**Information provided**
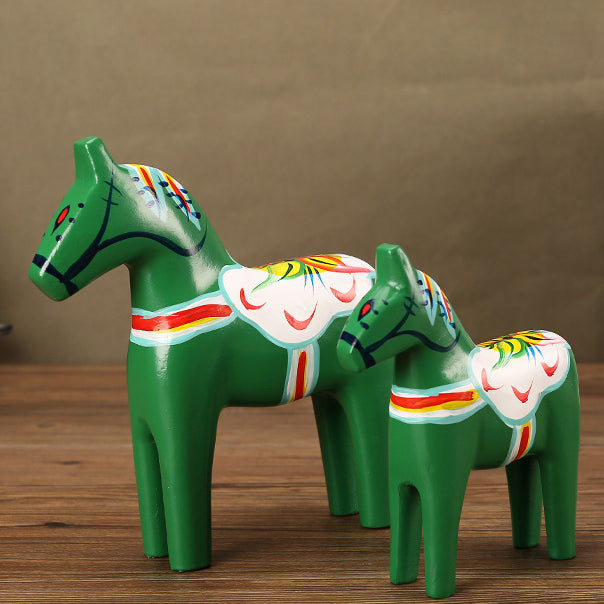 Painted Wooden Horse Ornaments From Dala, Sweden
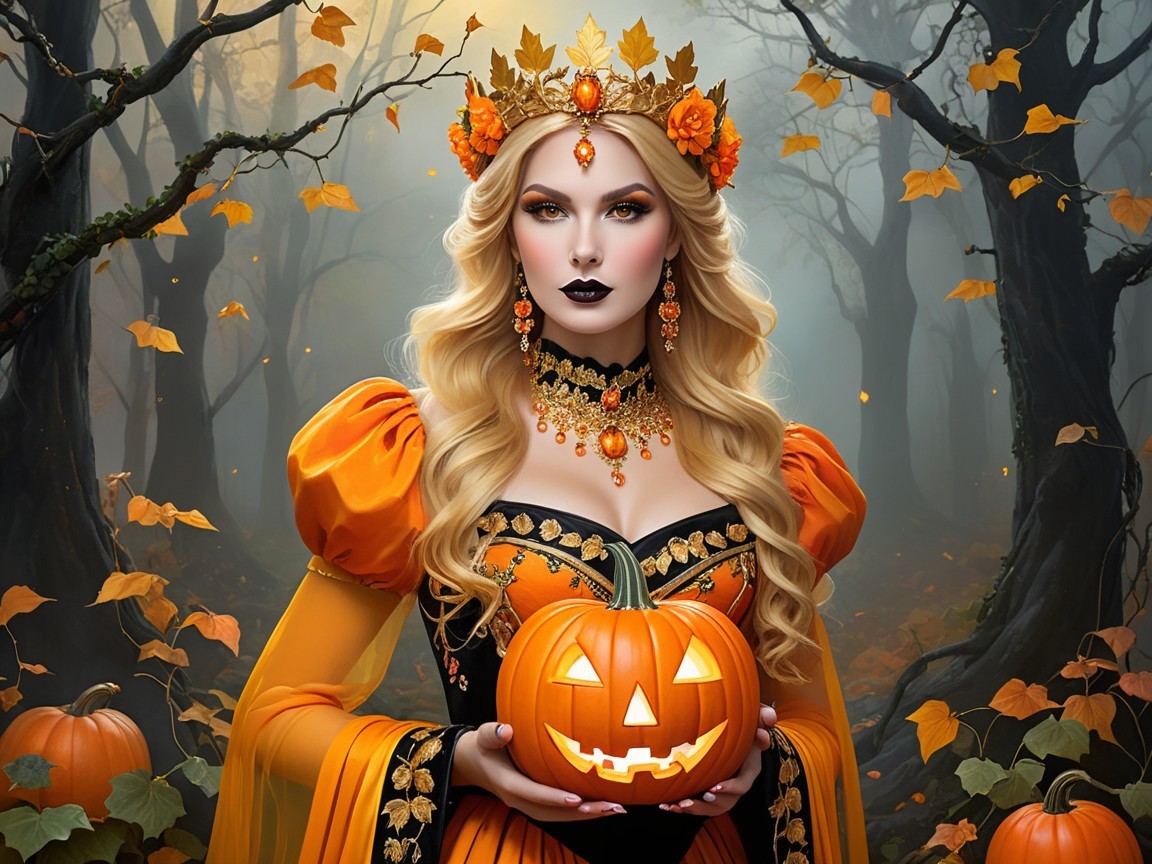Mystical Figure in Orange Gown in Foggy Forest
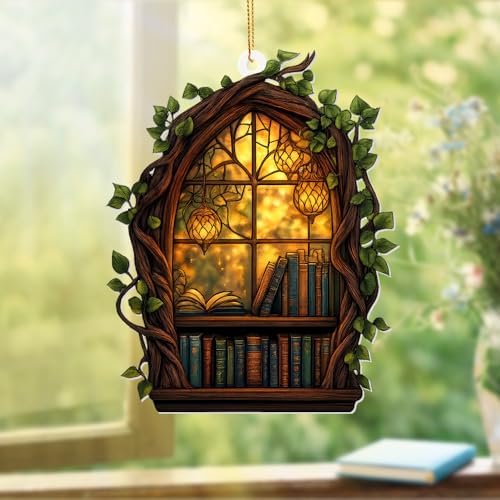 Gothic Window Book Ornament – Stained Glass Style Acrylic Christmas Ornament with Books & Ivy, Fantasy Home Décor, Book Lover Gifts for Women, Teacher & Librarian Holiday Decoration(Sun-19) by ALADAYQUINQUITMeetallneeds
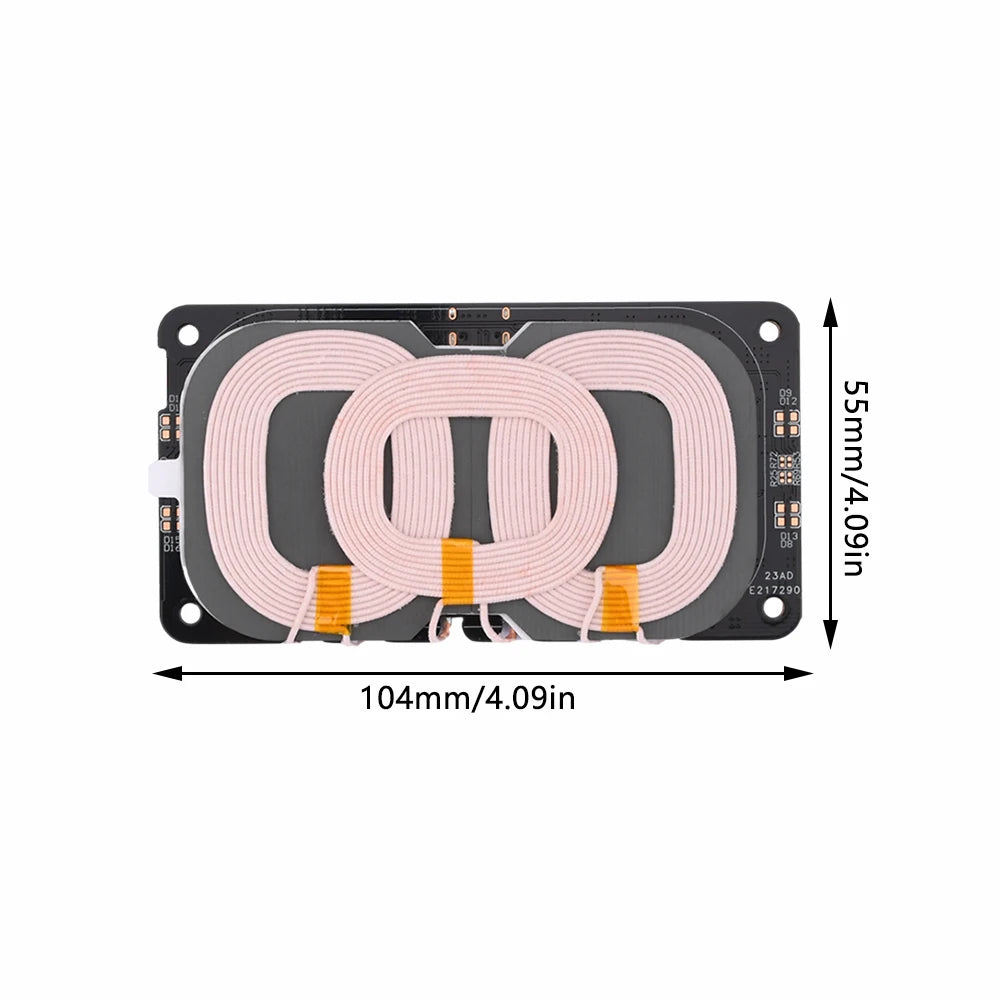 Vehicle mounted 18W high-power 3-coil wireless charger module QI wireless charging standard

**Exercise description**
Exactly as written above, print every line of the data but not its pictures.

**Solved problem**
 Painted Wooden Horse Ornaments From Dala, Sweden
Mystical Figure in Orange Gown in Foggy Forest
 Gothic Window Book Ornament – Stained Glass Style Acrylic Christmas Ornament with Books & Ivy, Fantasy Home Décor, Book Lover Gifts for Women, Teacher & Librarian Holiday Decoration(Sun-19) by ALADAYQUINQUITMeetallneeds
 Vehicle mounted 18W high-power 3-coil wireless charger module QI wireless charging standard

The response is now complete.